**REQUIREMENT:**
Since the records include pictures, leave those out while you reproduce exactly and only the lines from the one containing "Clearance Gabriel &" through the one containing "Grimm's Wooden Rainbow", inclusive.

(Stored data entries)
%%
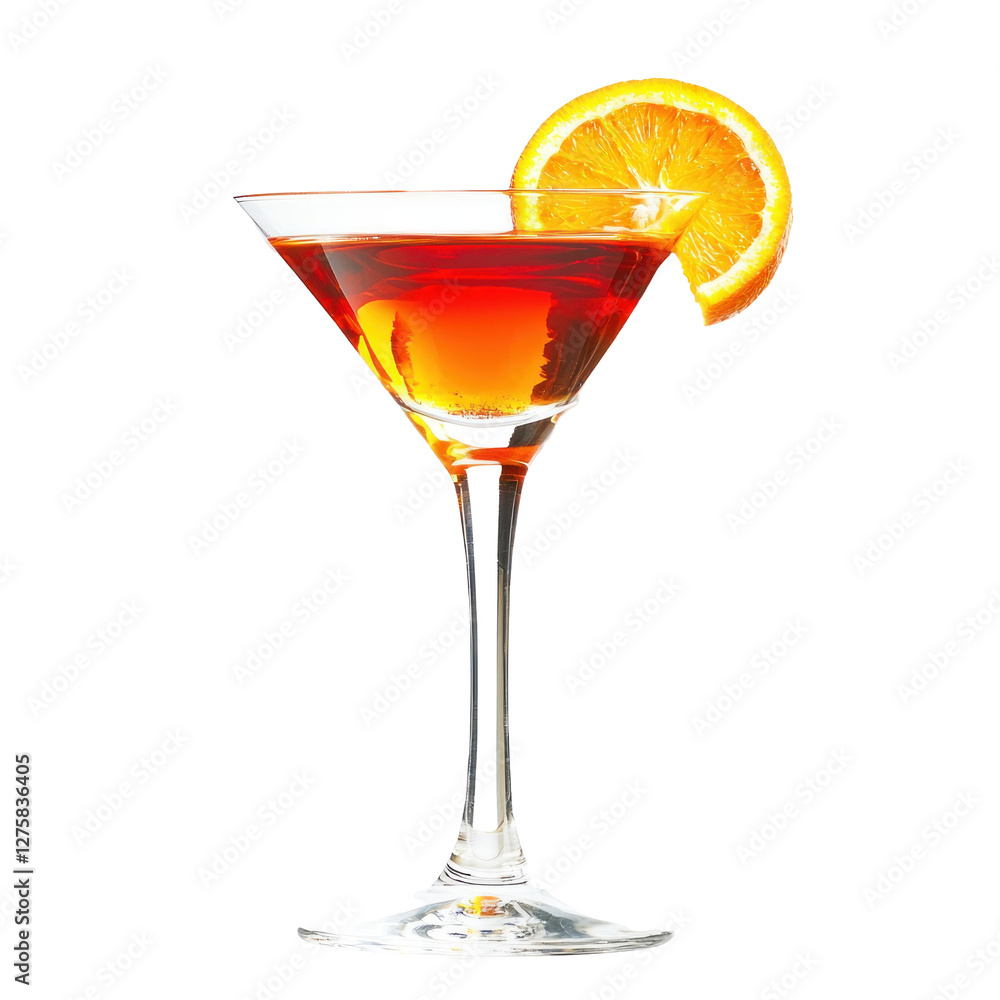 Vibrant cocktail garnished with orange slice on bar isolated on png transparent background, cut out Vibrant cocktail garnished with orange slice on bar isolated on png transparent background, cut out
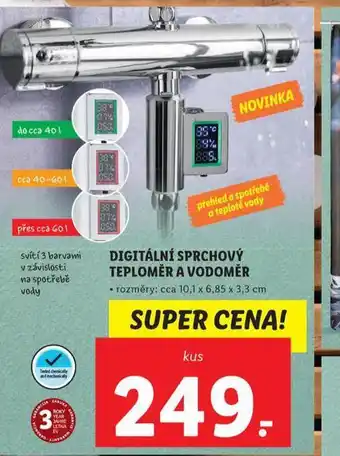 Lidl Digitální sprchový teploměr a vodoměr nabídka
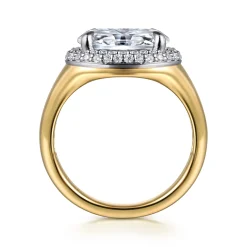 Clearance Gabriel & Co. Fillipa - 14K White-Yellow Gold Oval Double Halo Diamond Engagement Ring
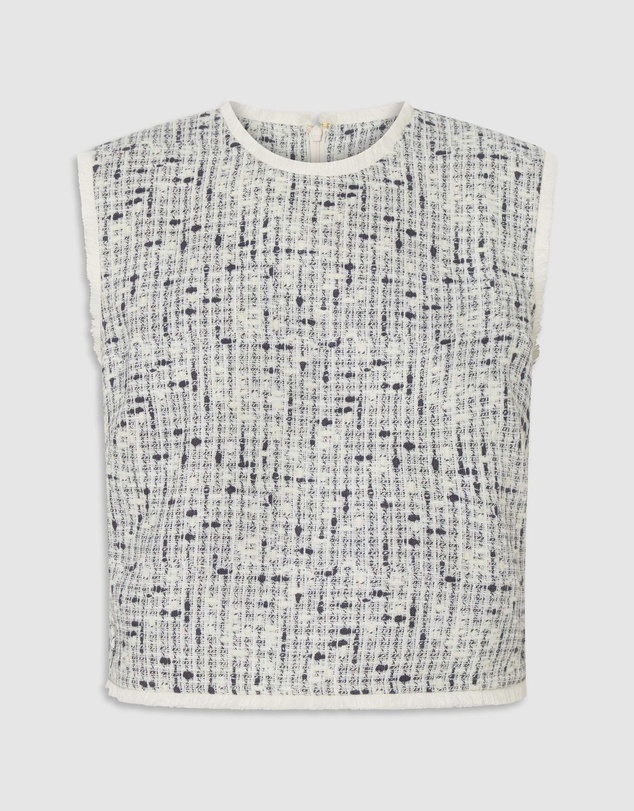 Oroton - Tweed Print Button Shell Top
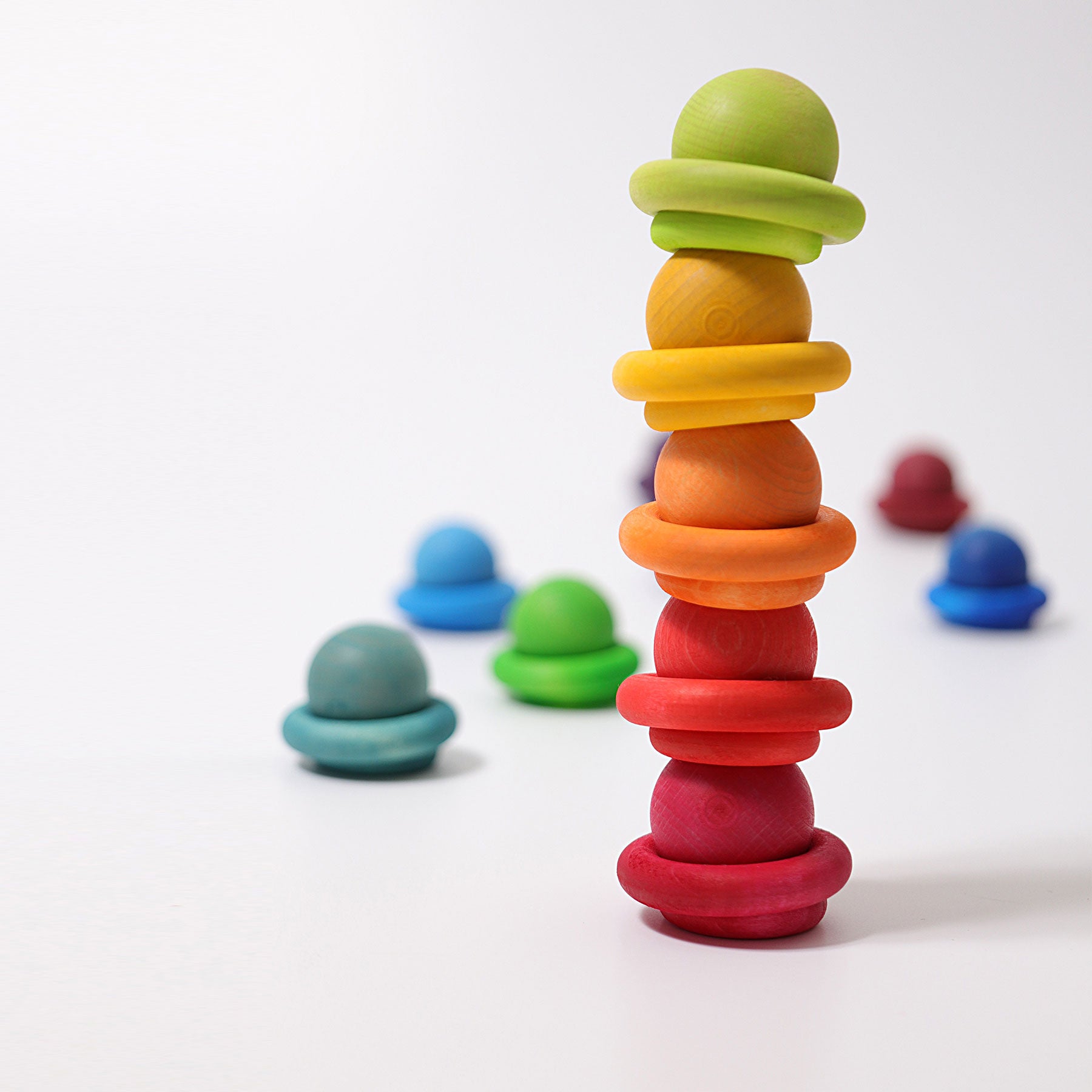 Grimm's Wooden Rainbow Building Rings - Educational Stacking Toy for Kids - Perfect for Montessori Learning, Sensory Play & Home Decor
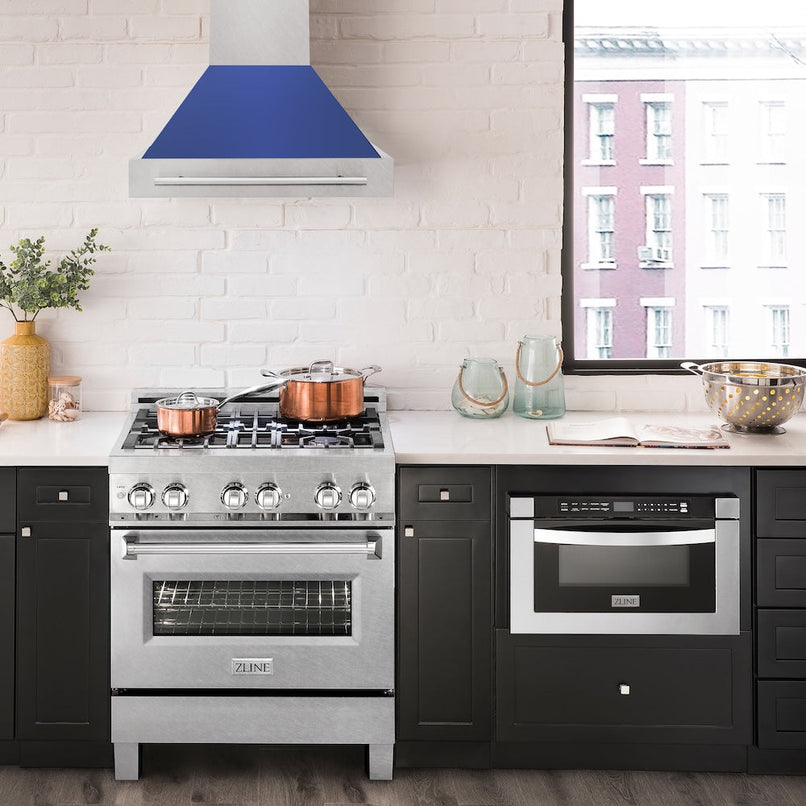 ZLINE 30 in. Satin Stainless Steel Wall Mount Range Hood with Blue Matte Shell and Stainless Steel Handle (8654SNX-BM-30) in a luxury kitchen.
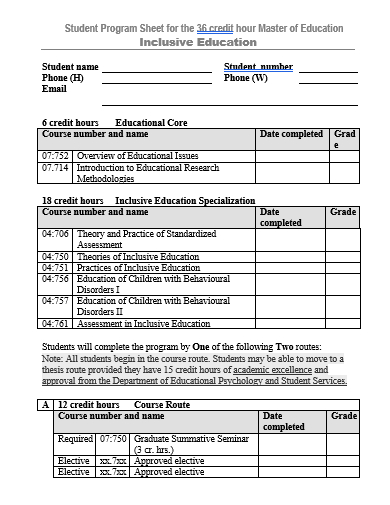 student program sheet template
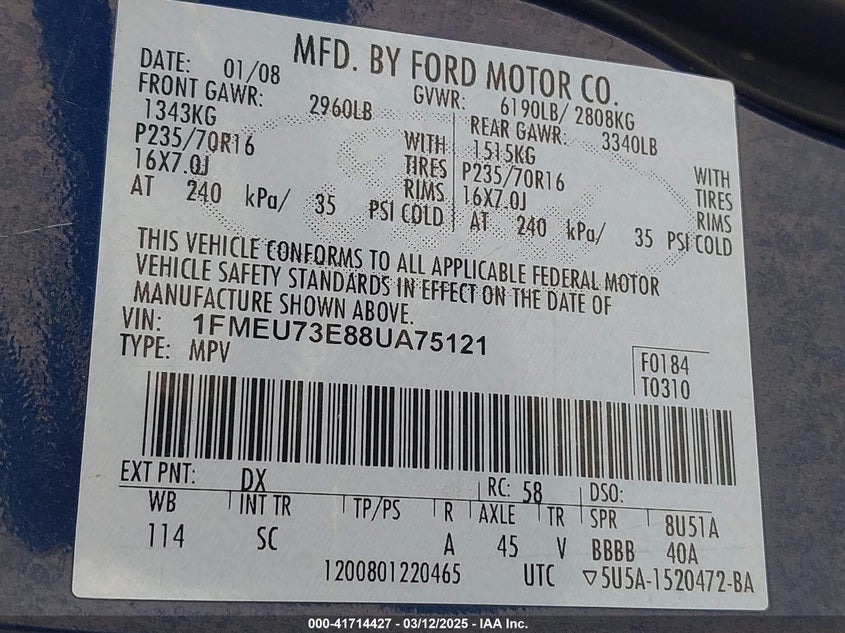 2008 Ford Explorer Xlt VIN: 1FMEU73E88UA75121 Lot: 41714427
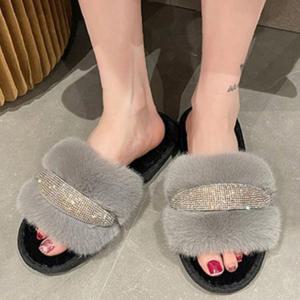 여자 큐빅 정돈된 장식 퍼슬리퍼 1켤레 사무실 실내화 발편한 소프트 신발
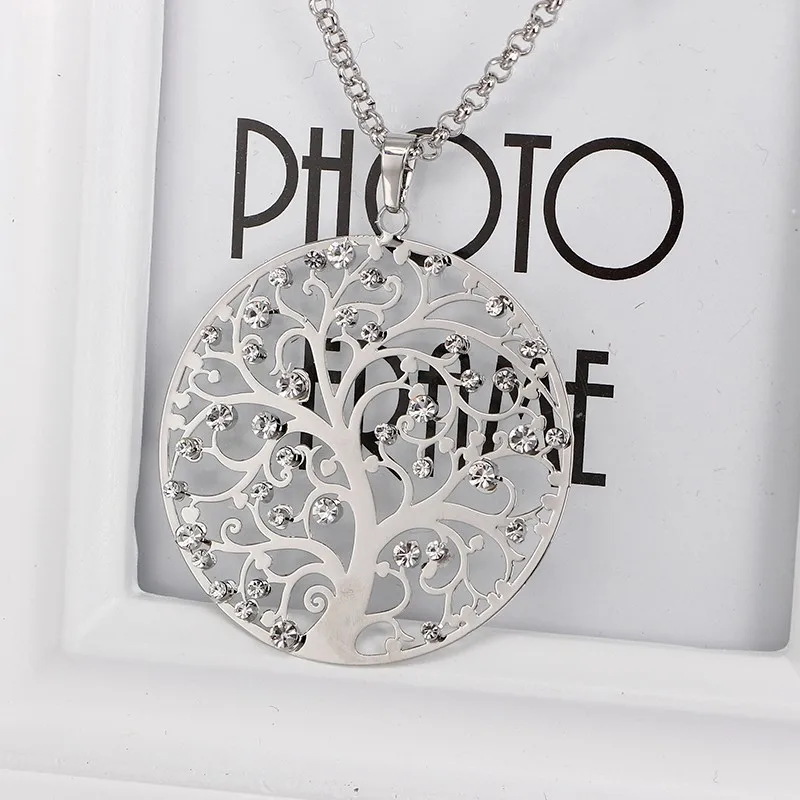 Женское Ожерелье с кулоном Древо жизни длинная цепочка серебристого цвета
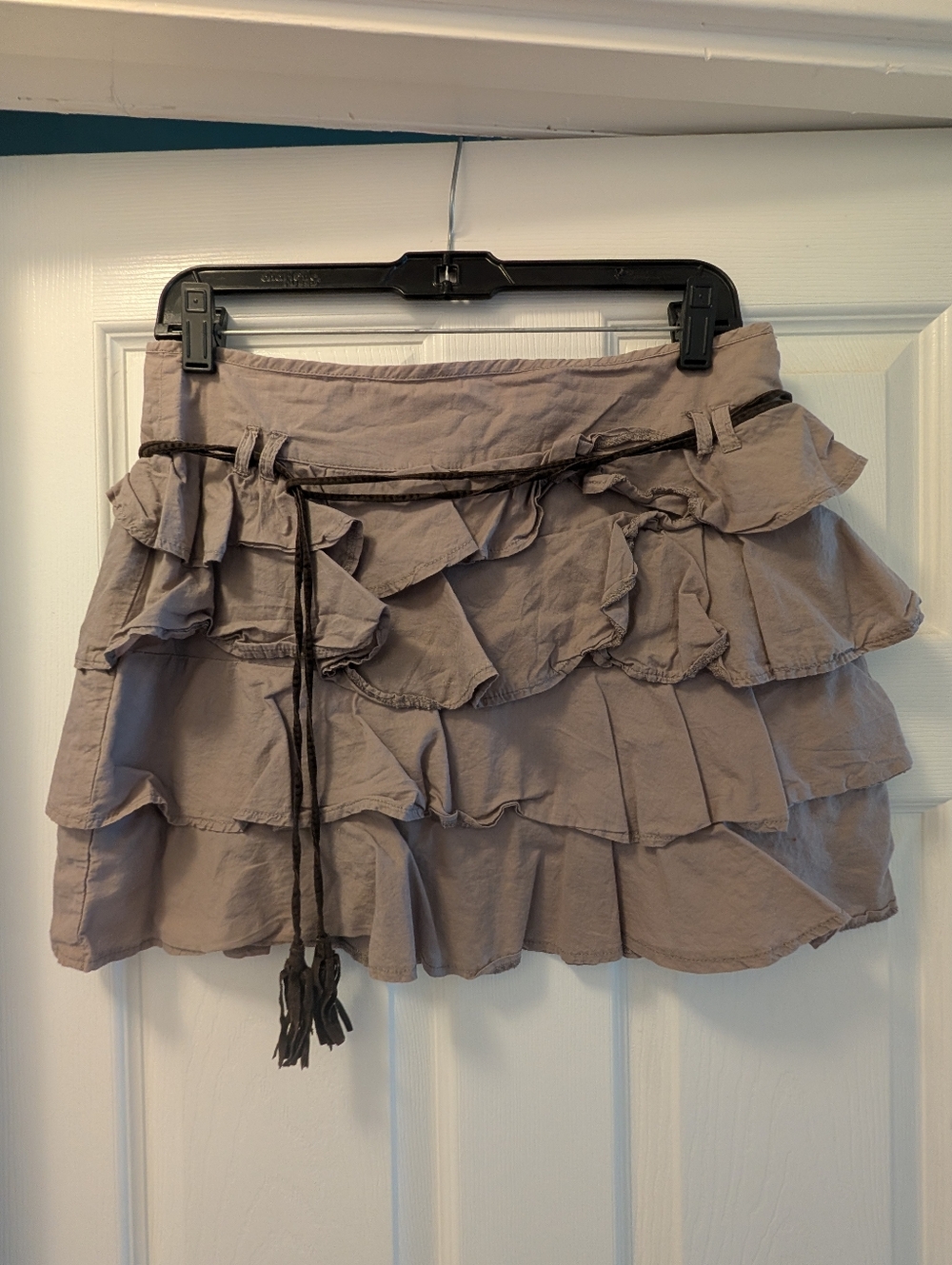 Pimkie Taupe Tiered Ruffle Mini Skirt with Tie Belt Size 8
%%
**ANSWER SPACE:**
 Clearance Gabriel & Co. Fillipa - 14K White-Yellow Gold Oval Double Halo Diamond Engagement Ring
 Oroton - Tweed Print Button Shell Top
 Grimm's Wooden Rainbow Building Rings - Educational Stacking Toy for Kids - Perfect for Montessori Learning, Sensory Play & Home Decor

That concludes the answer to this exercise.